The government has been accused of trying to wriggle out of enforcing a recent initiative to restrict the flow of European Union workers into Switzerland. However, ministers claim they are within their rights to offer an interpretation that meets the approval of both Swiss voters and the EU.This content was published on May 4, 2014 - 13:54
February’s initiative allows the government three years to negotiate changes to the EU bilateral agreement that allows the free movement of persons to Switzerland. But the rightwing People’s Party, that was behind the initiative, said the government has already given secret assurances to the EU.
People's Party strongman Christoph Blocher told the SonntagsZeitung newspaper that he has heard from “well-placed sources in Brussels” that “Swiss representatives have signaled that the free movement of persons will continue to be guaranteed.”
In an interview with the NZZ am Sonntag newspaper, Foreign Minister Didier Burkhalter, who is also Swiss President this year, recommended a second initiative within two years asking whether Switzerland should continue with bilateral agreements with the EU.

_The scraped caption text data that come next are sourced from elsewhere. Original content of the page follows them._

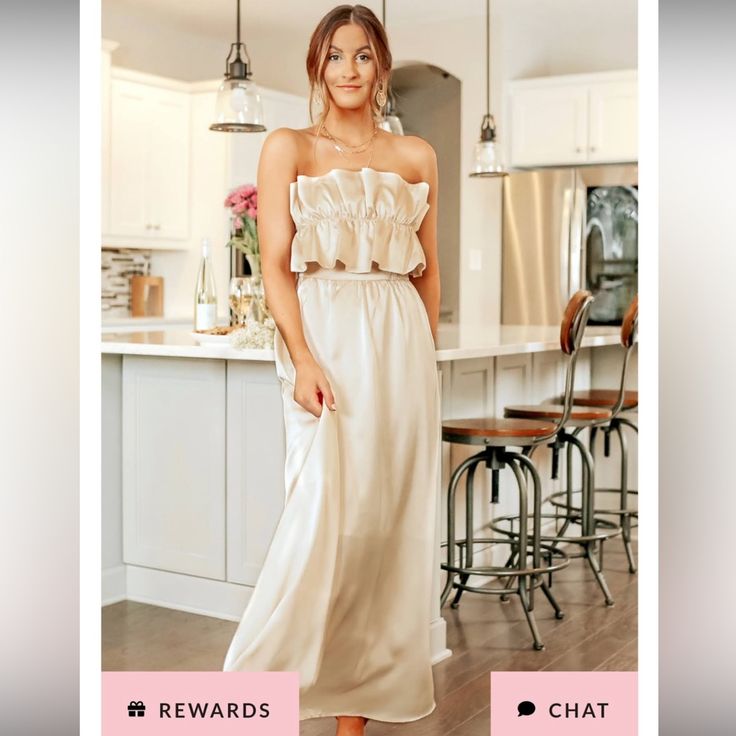 a woman standing in a kitchen wearing a white dress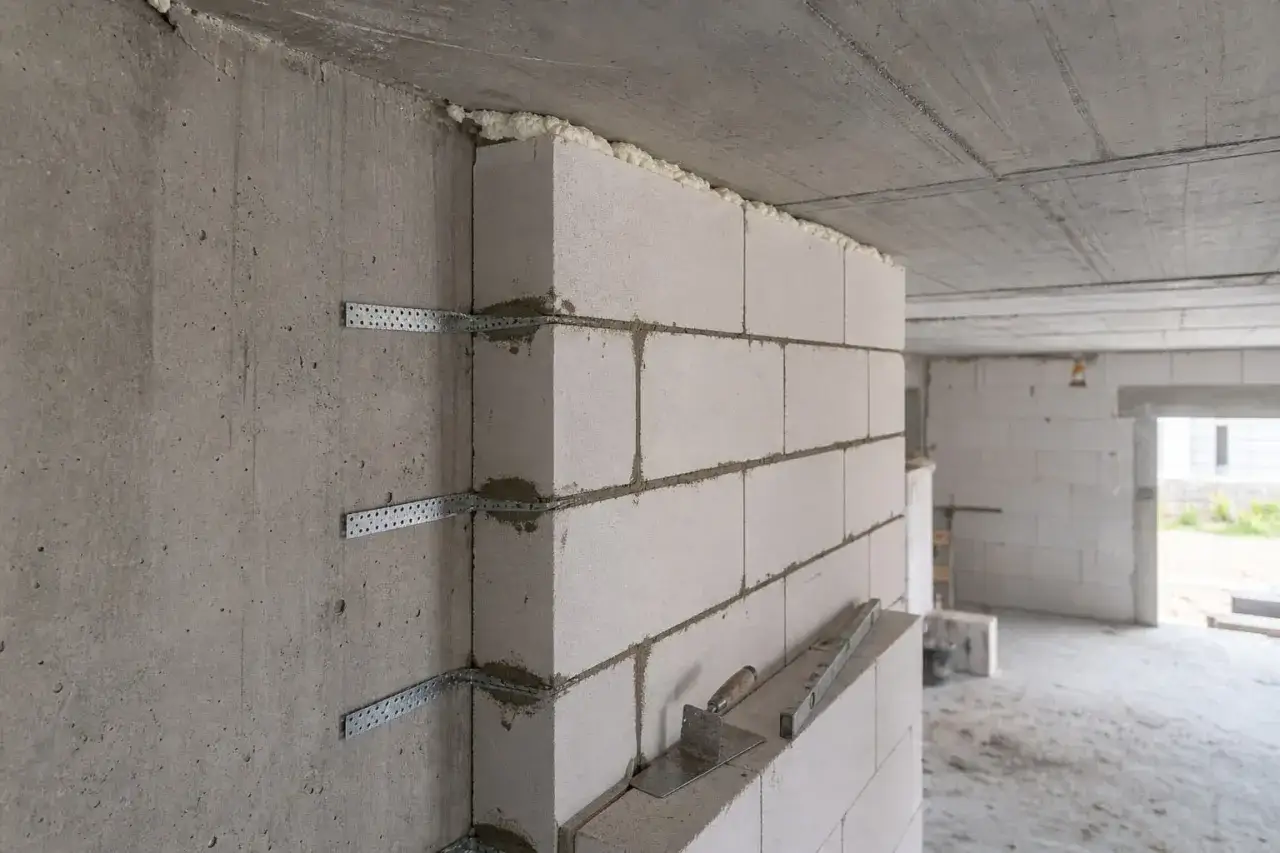 Betonowe ściany nośne łączone z bloczków zbrojone metalowymi kątownikami. Widać narzędzia budowlane.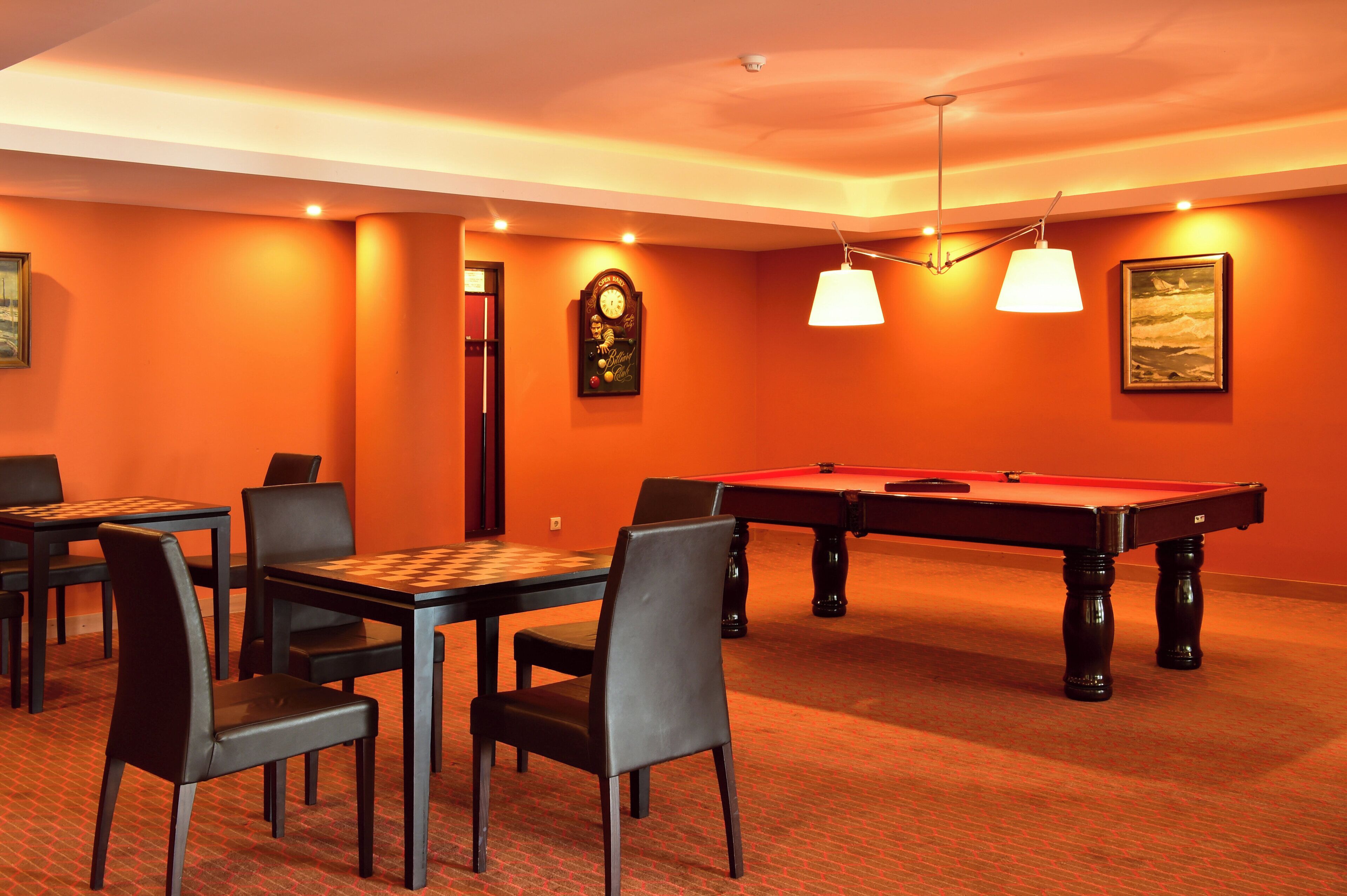 A billiards room with a pool table, chairs, and a clock on the wall.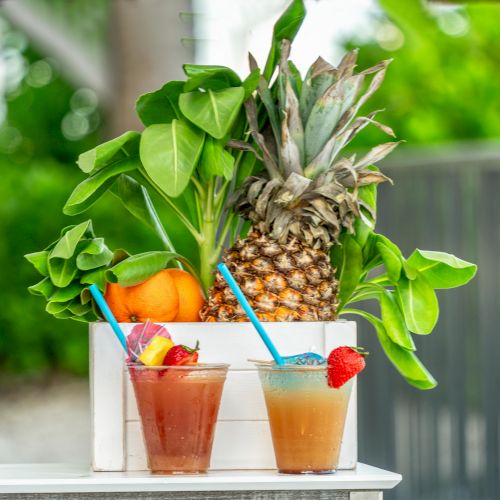 Two tropical drinks with straws and fruit garnishes sit in front of a box with a pineapple, leaves, and oranges, outdoors.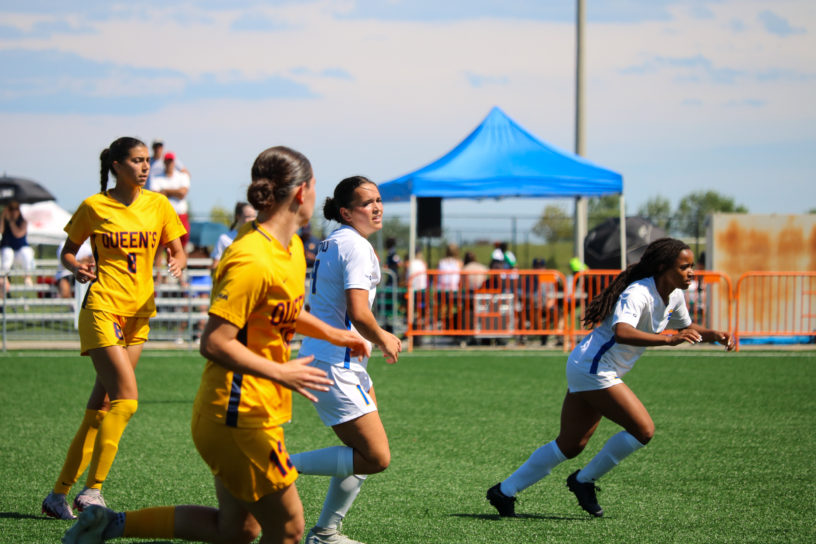 Two TMU Bold women's soccer players in white jerseys chase down a ball alongside two Queen's Gaels players in yellow uniforms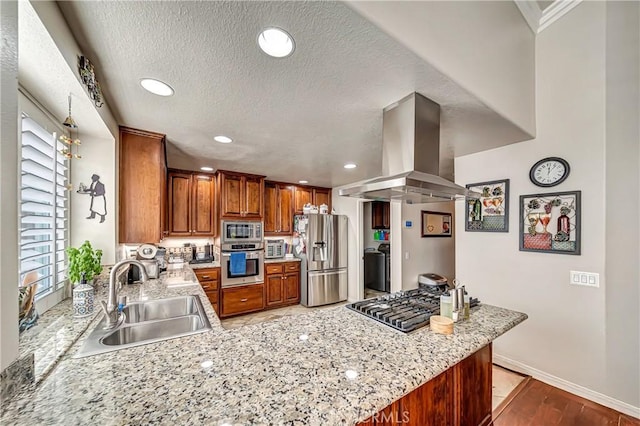 kitchen with kitchen peninsula, sink, island exhaust hood, light stone countertops, and appliances with stainless steel finishes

But he denied striking a deal with the EU, saying that the cabinet would seek the best possible solution for Switzerland. The government will put forward proposals for implementing the initiative in the summer that will be firmed up by the end of the year.
At the end of April, the cabinet struck a compromise with the EU that would allow up to 500 Croatian nationals to work in Switzerland on short term visas. But the EU later said the deal did not present a long-term solution.

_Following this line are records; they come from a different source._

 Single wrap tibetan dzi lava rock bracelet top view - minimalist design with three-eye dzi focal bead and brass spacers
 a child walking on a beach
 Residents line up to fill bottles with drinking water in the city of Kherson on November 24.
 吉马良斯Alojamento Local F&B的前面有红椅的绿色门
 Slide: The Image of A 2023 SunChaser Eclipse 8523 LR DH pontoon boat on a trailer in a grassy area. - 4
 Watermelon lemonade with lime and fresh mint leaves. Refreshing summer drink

Defence Minister Ueli Maurer defended the Swiss compromise over Croatia in the SonntagsZeitung, saying that the restrictions were in line with the initiative’s demands. “To insinuate now that the cabinet with make later concessions [to the EU] is unfair,” he said.
Maurer insisted that the cabinet should be given time to find a way of implementing the initiative. “We must have the freedom to find a negotiated path, even if that should require a compromise on the immigration issue,” he said, adding that voters could challenge that compromise at a later date if necessary.
On Tuesday, the EU is due to agree a mandate to negotiate the future of bilateral agreements with Switzerland, with talks scheduled to begin in May.